A ce point de vue, notre vigilance devra être particulièrement en éveil vis-à-vis des originaires de l’Europe centrale et orientale. Sinon nous risquons de voir arriver chez nous des individus sans travail et sans ressources en quête de situations quelles qu’elles soient. Pour parvenir à leurs fins, ils utilisent tous les prétextes et recourent à tous les subterfuges. Or tous ces immigrants viennent de plus en plus submerger nos professions commerciales et artisanales, pesant ainsi sur notre économie générale. » (Marx Dormoy, ministre de l’Intérieur du Front Populaire, 14 avril 1937)

La principale crainte du gouvernement est de voir  le Front National, qui transforment l'immigration en pur enjeu électoral, dans une progression non utile face à la droite !. Un phénomène de lente percolation, couplé à l'absence d'un discours courageux de la gauche, a donc eu pour résultat qu'un grand nombre de Français sont aujourd'hui réticents à la présence, jugée trop massive, des "étrangers".

 4.    La République ouverte et accueillante

Homme de conviction, Bernard Stasi défendait inlassablement l'intégration des immigrés et la richesse de la diversité française, en publiant en 1984 "L'immigration: une chance pour la France", qu’il a enrichit en 2007 avec "Tous Français".

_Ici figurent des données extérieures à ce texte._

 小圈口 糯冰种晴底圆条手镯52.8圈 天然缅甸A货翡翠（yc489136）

Les reniements et la semence de peurs, déshonorent cette France qu’incarnait Bernard Stasi et qui par ses apports, a réussi à faire comprendre aux citoyens que le mal de la France n’est pas de ce côté là !

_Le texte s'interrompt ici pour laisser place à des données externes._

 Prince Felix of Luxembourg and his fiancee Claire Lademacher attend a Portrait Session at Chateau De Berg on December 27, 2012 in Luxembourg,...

Cette France n’est surement pas celle qui renie ses enfants parce qu’ils portent sur leurs peaux les spectres de l’immigration. Je me limiterais à cette partie du propos du Général : « C’est très bien qu’il y ait des Français jaunes, des Français noirs, des Français bruns. Ils montrent que la France est ouverte à toutes les races et qu’elle a une vocation universelle. »

L’immigration est et demeure le pH-mètre de l’élite politique française, celle d’une France qui décolonisa sans s'auto-décoloniser. 

C’est un chantier pour en finir avec la race, la frontière et la violence continuant d'imprégner les imaginaires de part et d'autre de la Méditerranée, est la condition pour que le passé en commun devienne enfin un passé en partage.